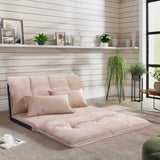Orisfur. Lazy Sofa Adjustable Folding Futon Sofa Video Gaming Sofa with Two Pillows
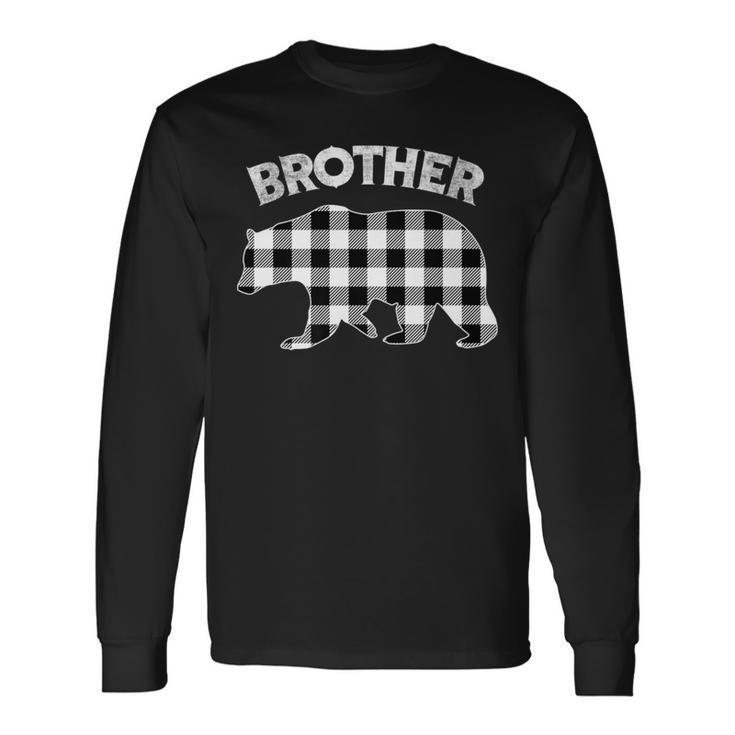 Black And White Buffalo Plaid Brother Bear Christmas Pajama Long Sleeve T-Shirt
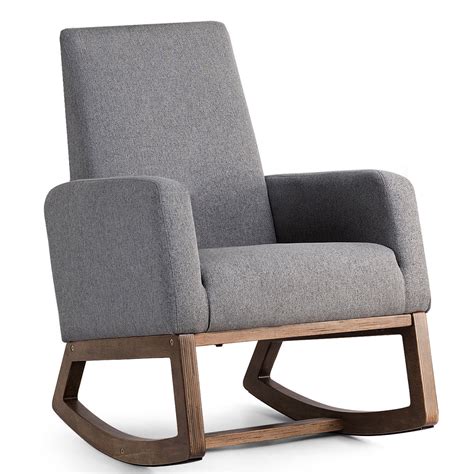 Mid Century Retro Modern Fabric Upholstered Rocking Chair Relax Rocker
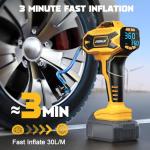 Tire Inflator Air Compressor Compatible with DeWalt 20V Battery Power, LIVOWALNY 160PSI Cordless Portable Electric Air Pump with Digital Pressure Gauge for Car Motorcycles Bike Ball Auto (No Battery)
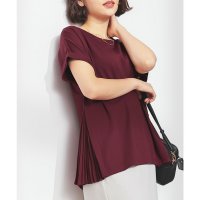 Honeys/ハニーズ Honeys 脇プリーツトップス トップス カットソー 半袖 脇プリーツ 無地 レーヨン混 ナイロン混 ストレッチ Aライン フェミニン 秋 白 レデ/508312310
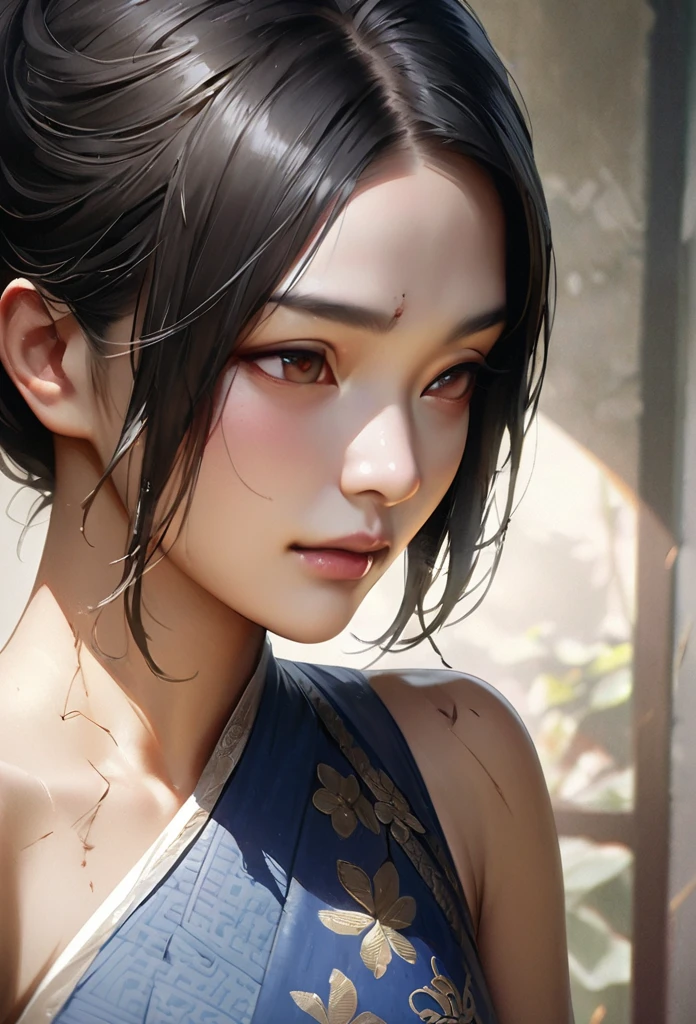 man, Thai person, Wear a blue traditional Thai dress., short black hair, brown eyes, beautiful face, 1 person, Masterpiece, high resolution, qualityที่ดีที่สุด, details, detailsสูง, quality, โมเดลhigh resolution, realistic textures, damaged,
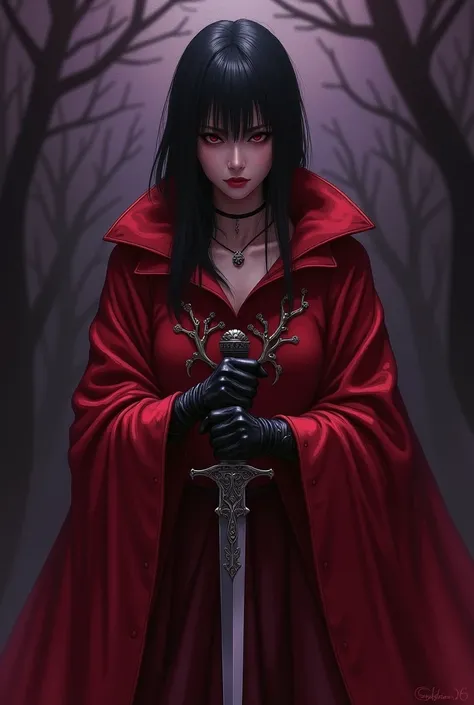  Fanart Black purple haired bloke mid-eyed red-robed brown holding dagger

Requirement. Give the records again exactly, minus the pictures.

Answer section.
Orisfur. Lazy Sofa Adjustable Folding Futon Sofa Video Gaming Sofa with Two Pillows
 Black And White Buffalo Plaid Brother Bear Christmas Pajama Long Sleeve T-Shirt
 Mid Century Retro Modern Fabric Upholstered Rocking Chair Relax Rocker
 Tire Inflator Air Compressor Compatible with DeWalt 20V Battery Power, LIVOWALNY 160PSI Cordless Portable Electric Air Pump with Digital Pressure Gauge for Car Motorcycles Bike Ball Auto (No Battery)
 Honeys/ハニーズ Honeys 脇プリーツトップス トップス カットソー 半袖 脇プリーツ 無地 レーヨン混 ナイロン混 ストレッチ Aライン フェミニン 秋 白 レデ/508312310
 man, Thai person, Wear a blue traditional Thai dress., short black hair, brown eyes, beautiful face, 1 person, Masterpiece, high resolution, qualityที่ดีที่สุด, details, detailsสูง, quality, โมเดลhigh resolution, realistic textures, damaged,
  Fanart Black purple haired bloke mid-eyed red-robed brown holding dagger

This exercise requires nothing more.